Most of the more than 2,000 refugees waiting in the centre, who had signed up for voluntary repatriation to Kismayo in southern Somalia’s Lower Juba region, had packed up their belongings in the camps and given up their homes or shelters.
“We were informed by the UNHCR that we should go back to our houses. I sold my house [in the camp] and have no place to go back to,’’ said Abdi Gahnug Muhumed, speaking to Radio Ergo in the transit centre.
He wanted to take his 10 member family to his native Kismayo after having spent 25 years in Dadaab. He did not want to go back to the camp in Dadaab, he added, especially as the future was uncertain since the Kenyan government’s announcement of the camp closure.
The repatriation of this group of refugees was stalled by an order issued by Jubbaland State of Somalia on 29 August to stop receiving more returning refugees because they lacked the capacity to absorb them.
Refugees said they had not been made fully aware of what was happening and what the consequences were for them.
Some of the refugees had handed over their stick and cloth shelters to camp neighbours as they packed up to go back to Somalia. They had first removed plastic sheeting and anything of value.
“My house was taken apart immediately I left and turned into firewood,” said Khadijo Mayow Mohamed, who is among those people still stranded in the transit centre.
Some of the families had already sent all their household items to Somalia before going to the transit centre. Dahiro sheikh Abubakar told Radio Ergo she sent all her belongings ahead because she would be back in Somalia very soon.
“This place [the transit centre] has poor hygiene standards, even the toilets are dirty, so we are requesting that our issues to be sorted out immediately,” she complained.
The transit centre is set up to host would be travellers for not more than 24 hours. Radio Ergo’s local reporter in Dadaab visited the centre and saw people sleeping on pieces of cardboard. The centre has only six toilets and three water taps.
Mohamed Mahad Gurhan, coordinator at UNHCR’s Dadaab office, told Radio Ergo efforts were underway to assist these people.
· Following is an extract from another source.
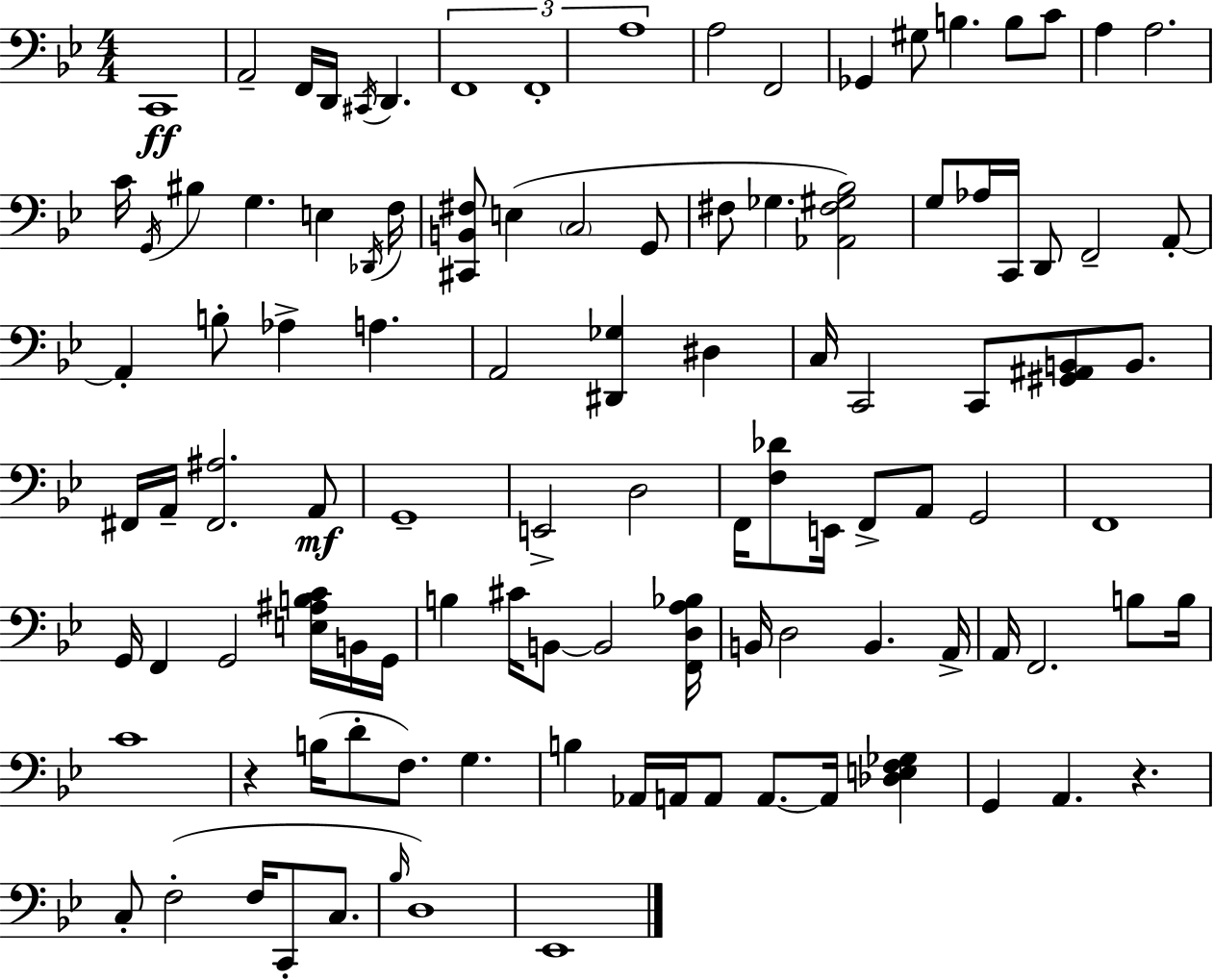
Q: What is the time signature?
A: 4/4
He said they were providing locally cooked food for the families in the transit centre three times a day.
In an interview with Radio Ergo on 30 August, Jubbaland’s Interior Minister Mohamed Warsame Darwiish said his administration would not accept Somali refugees from Dadaab until they were given enough support to help them to cope with their new lives. He said there were already 16,617 returnees in Kismayo and Luq who has been “abandoned” on the streets and were struggling to build a new life in Somalia.